Did you want to stay in Oradea?
Yes. I remember to this day when I appeared in the office of the director of the museum that I was sent to, holding the paper that stated I was assigned a job in the art section of the museum. The director was rather surprised and asked who sent me there. Later, my wife Lia arrived in Oradea too (and after a year or two she found a job at the local theatre, where she painted the stage design). For me, working in the art section of the museum was like paradise. This was in 1985. Nobody was really working. The saying went like this: we are faking work, they (the Communists) are faking paying us. They called it ‘the big industry of Ceauşescu’: industries were producing things that nobody needed. We were a very paranoid country in those years. When I arrived at the museum, there was nothing to do for me. First, they asked me to do some kind of inventory of an ex-libris collection but a few days later, I was carrying large paintings and tableaux to install an art exhibition there. They used me as a non-qualified worker.

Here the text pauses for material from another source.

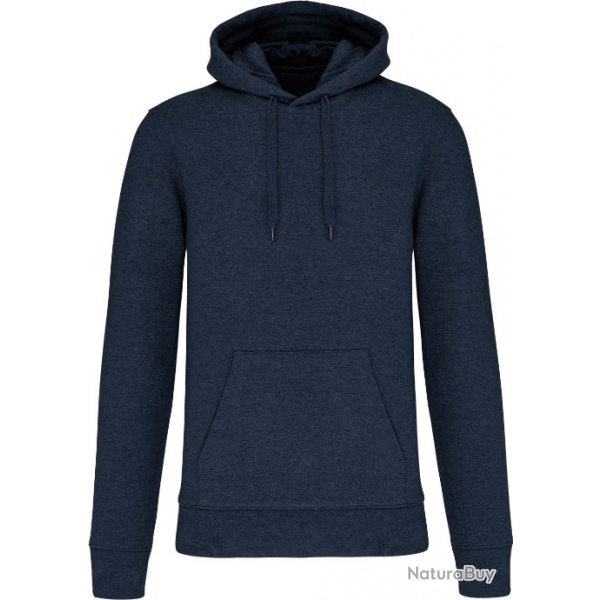 Sweat-shirt coresponsable  capuche homme-Kariban Blue HeatherNavyFrench K402707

What was the museum called?
It was the Ţării Crişurilor Museum, a multi-section museum with different departments: the history section, the art section, the ethnography section, and the natural science section.

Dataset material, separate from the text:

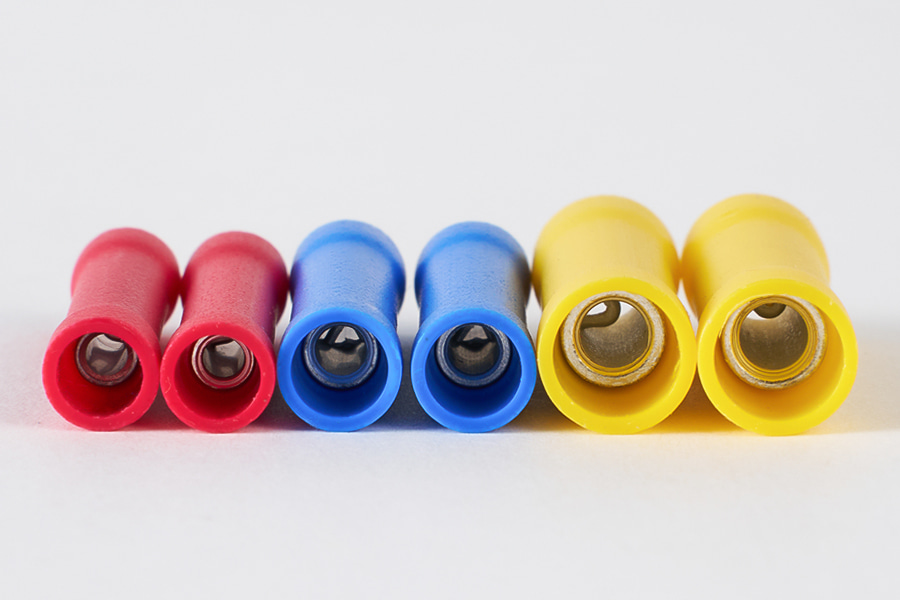 Long Tube PVC-Insulated Butt Connector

For some context, could you provide some insights into the historical and political background of Romania’s (post-)communist history?
The pyramidal communist system wasn’t working. It was a dictatorship; one man decided everything. Nothing was working anymore. The system became a caricature of the idea that everyone had a job related to their studies, but in the end, there were no specialised jobs available, and you had to take whatever job they offered you. Not working was punished. Everything was controlled, but there were some gaps. For example, they were more interested in surveilling and controlling big gatherings and crowds and therefore kept an eye on sports, theatres and the like. An exhibition opening with twenty people wasn’t of interest to them, so they let us do our exhibitions, but there were three rounds of censorship for every show and for everything printed. You had to dance with the wolves.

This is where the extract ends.